Safety Recommendation A-82-169
Details
Synopsis: ON JANUARY 23, 1982, WORLD AIRWAYS, INC., FLIGHT 30H, A MCDONNELL DOUGLAS DC-10-30, WAS A REGULARLY SCHEDULED PASSENGER FLIGHT FROM OAKLAND, CALIFORNIA, TO BOSTON, MASSACHUSETTS, WITH AN EN ROUTE STOP AT NEWARK, NEW JERSEY. FOLLOWING A NONPRECISION INSTRUMENT APPROACH TO RUNWAY 15R AT BOSTON-LOGAN INTERNATIONAL AIRPORT, THE AIRPLANE TOUCHED DOWN ABOUT 2,500 FEET BEYOND THE DISPLACED THRESHOLD OF THE RUNWAY, LEAVING 6,691 FEET REMAINING ON WHICH TO STOP. ABOUT 1936:40, THE AIRPLANE VEERED TO AVOID THE APPROACH LIGHT PIER AT THE DEPARTURE END OF THE RUNWAY AND SLID INTO THE SHALLOW WATER OF BOSTON HARBOR. THE NOSE SECTION SEPARATED FROM THE FORWARD FUSELAGE AFTER THE AIRPLANE DROPPED ONTO THE SHORE EMBANKMENT. OF THE 212 PERSONS ON BOARD, 2 ARE MISSING AND PRESUMED DEAD. THE OTHERS EVACUATED THE AIRPLANE SAFELY, BUT WITH SOME INJURIES. THE REPORTED WEATHER WAS A MEASURED 800-FOOT OVERCAST, 2 1/2 MILE VISIBILITY, LIGHT RAIN AND FOG, TEMPERATURE 35 DEGREES, AND WIND 165 DEGREES AT 3 KNS. THE WET RUNWAY WAS COVERED WITH HARD-PACKED SNOW AND A COATING OF RAIN AND/OR GLAZED ICE.
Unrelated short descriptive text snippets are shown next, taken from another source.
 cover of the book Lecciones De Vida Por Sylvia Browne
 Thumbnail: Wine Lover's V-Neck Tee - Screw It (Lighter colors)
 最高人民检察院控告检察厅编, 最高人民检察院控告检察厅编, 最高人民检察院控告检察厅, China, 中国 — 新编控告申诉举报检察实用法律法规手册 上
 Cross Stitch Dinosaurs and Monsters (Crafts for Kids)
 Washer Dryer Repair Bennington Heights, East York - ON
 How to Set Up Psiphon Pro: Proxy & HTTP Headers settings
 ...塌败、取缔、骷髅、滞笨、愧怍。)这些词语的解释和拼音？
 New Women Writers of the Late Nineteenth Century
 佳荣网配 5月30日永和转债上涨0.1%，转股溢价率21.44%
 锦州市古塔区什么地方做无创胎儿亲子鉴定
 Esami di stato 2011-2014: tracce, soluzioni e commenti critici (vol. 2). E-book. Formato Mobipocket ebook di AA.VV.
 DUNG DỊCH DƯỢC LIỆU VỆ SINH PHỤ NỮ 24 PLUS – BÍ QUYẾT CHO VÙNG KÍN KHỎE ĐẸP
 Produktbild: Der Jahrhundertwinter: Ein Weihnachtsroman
Recommendation: THE NTSB RECOMMENDS THAT THE FEDERAL AVIATION ADMINISTRATION: CONVENE AN INDUSTRY-GOVERNMENT GROUP WHICH INCLUDES THE NATIONAL AERONAUTICS AND SPACE ADMINISTRATION TO DEFINE A PROGRAM FOR THE DEVELOPMENT OF A RELIABLE TAKEOFF ACCELERATION MONITORING SYSTEM. (Supersedes Safety Recommendations A-74-119 through -121 and A-76-136 and -137)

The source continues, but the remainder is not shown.